Dan Ives, head of technology research at GBH Insights, talks to IGTV’s Victoria Scholar about the tech earnings this week in the United States. 


Tesla slumped 4.55% in the after hours session following the release of its quarterly earnings. At first glance, the numbers appear better than expected.

The electric carmaker reported a first quarter (Q1) record loss of $709.6 million. Excluding items, that amounts to a loss of $3.35 per share (compared with analysts’ estimates for around $3.58). Revenue hit $3.41 billion, compared with expectations for $3.22 billion. Capital spending hit $1.1 billion in the first three months of the year, which was larger than expected. Free cash flow hit minus $1 billion, down from negative $277 million in Q4. CEO Elon Musk said Tesla will reach its production target of 5000 Model 3 cars a day by the end of June, also saying that the firm should become profitable in the latter six months of 2018.


Shares in Apple closed the session up 4.42% following its quarterly update. The tech giant returned cash to shareholders through a $100 billion share buyback programme and raised its dividend by 16% to $0.73 a share.
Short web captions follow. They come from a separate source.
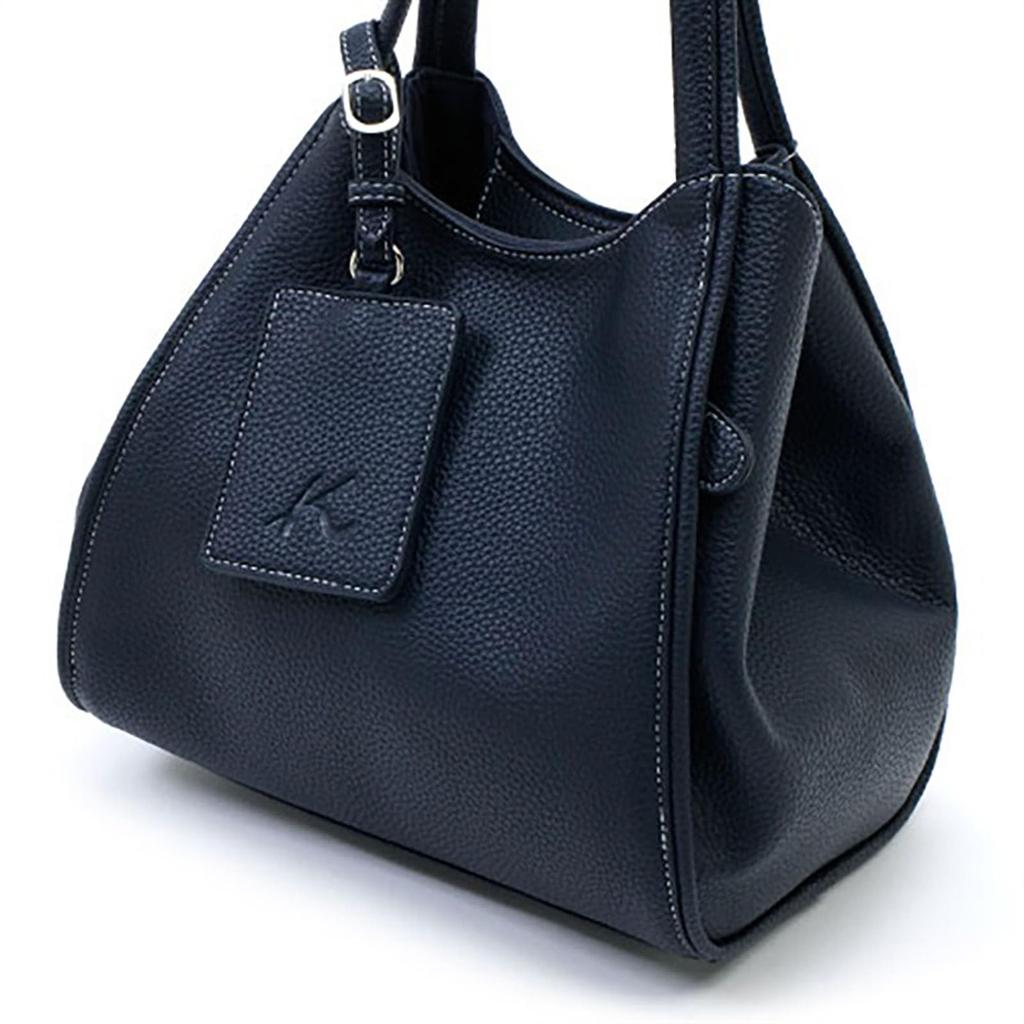Kitamura Handbag with Shoulder Bag and Pass Dark Blue with White Navy 10901 Z-0556 Case, Stitching, Blue,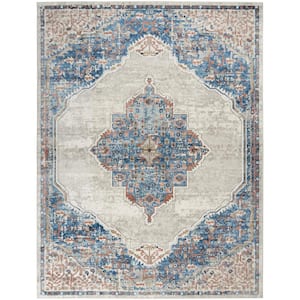 Concerto Blue/Grey 9 ft. x 12 ft. Border Traditional Area Rug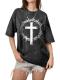 AUMORA Women's Vintage Washed Oversized Christian Graphic T-Shirt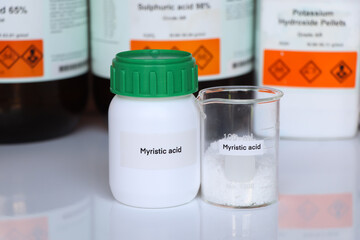 myristic acid in glass, chemical in the laboratory and industry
iPhone sales came in at 52.2 million for the first three months of the year, having risen 3% year-on-year, but came in just shy of Wall Street’s estimates. According to CEO Tim Cook, the iPhone X was the best-selling device each week in the quarter, allaying concerns over the smartphone’s high price tag. Group revenue rose 16% to just above $61 billion. Services revenue soared to $9.1 billion. Average selling prices fell short of estimates, coming in at $728, compared with expectations for $742. Apple’s group Q2 profits rose 25.3% to $13.8 billion. The results also boosted shares in Apple’s suppliers in Europe, including STMicroelectronics and Austria Microsystems.


Snap shares hit an all-time low, falling by 21.9% on Tuesday after a disappointing quarterly update. Snapchat’s ad prices, excluding Story ads, slumped by 65% year-on-year.
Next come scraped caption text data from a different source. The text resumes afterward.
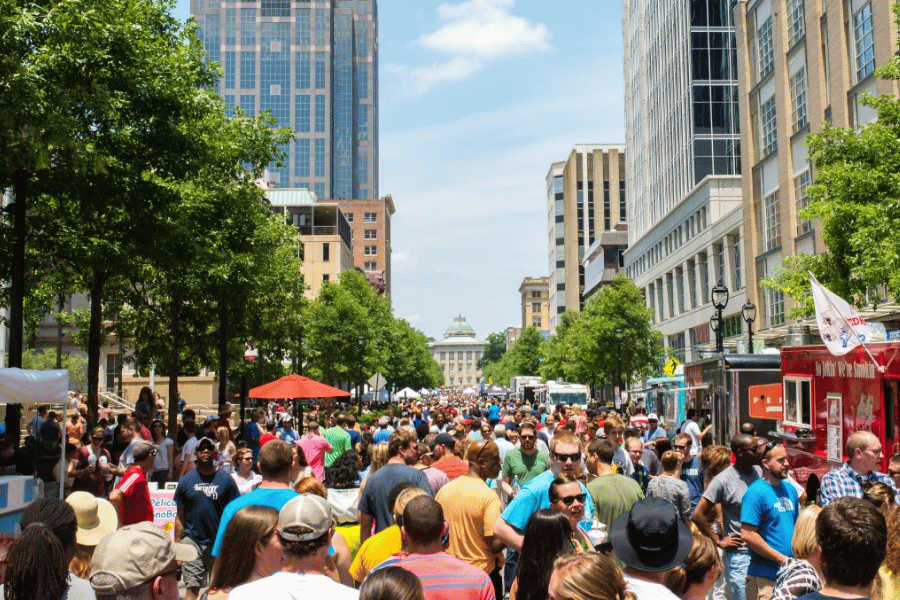 International Food Festival in Raleigh, NC during the day with lots of people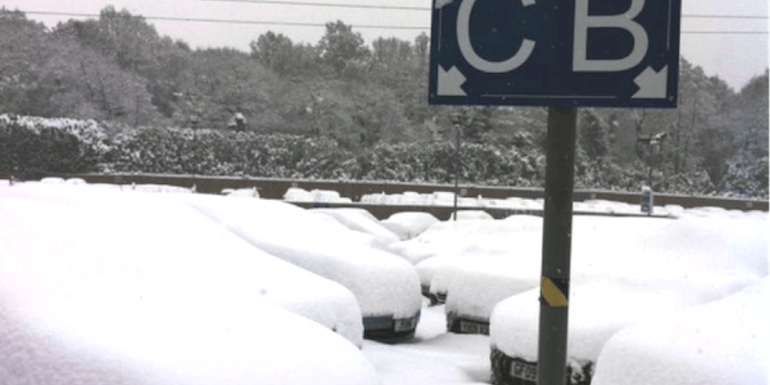 snowy car park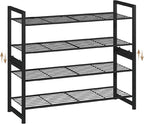 Stackable Shoe Rack, 4 Tier Metal Shoes Rack Storage Organizer,Large Capacity Shoe Shelf Holds 24 Pairs of Shoes,Sturdy and S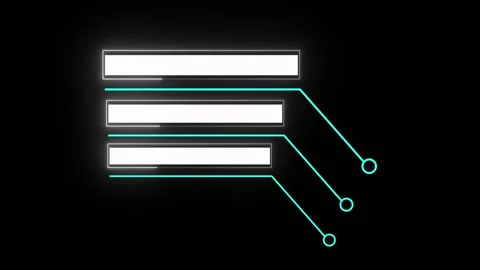 Callout box animation with blue neon lines. Callout box three futuristic bo.. Stock Footage 337813013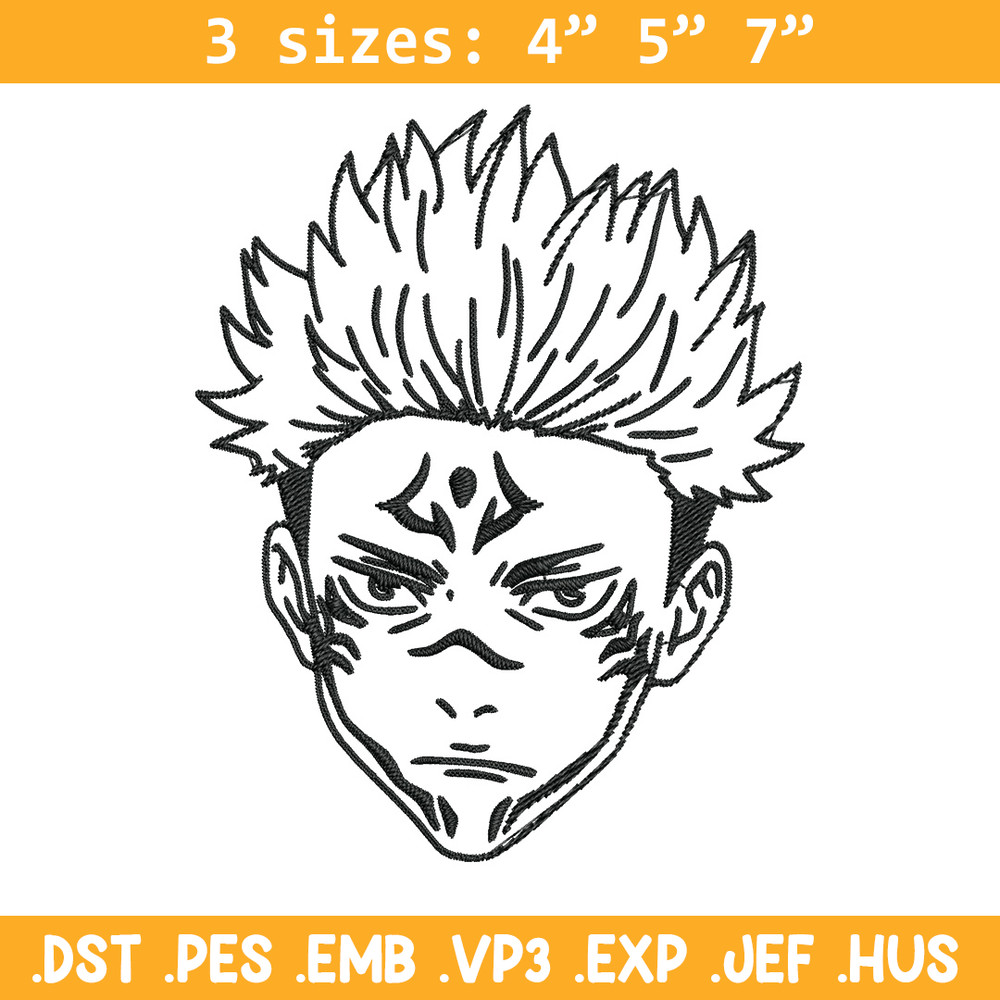 Sukuna face Embroidery Design, Jujutsu Embroidery, Embroidery File,Anime Embroidery, Anime shirt, Digital download.jpg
Disappointing guidance also spooked investors after Snap warned that revenue would ‘decelerate substantially’.  There were concerns over the quarter about the company app’s redesign, after Kylie Jenner shed $1.3 billion off its market cap by tweeting that she was ‘sooo over’ Snapchat. Revenue hit $230.7 million falling short of estimates by $13 million. Adjusted earnings before interest, taxes, depreciation and amortisation (EBITDA) came in at minus $218 million, down from $158 million in Q4, and was the worst figure since the stock’s floatation. Dan Ives, head of technology research at GBH Insights, said Snap is ‘in the penalty box over the next few quarters with this “black box” 1Q performance’.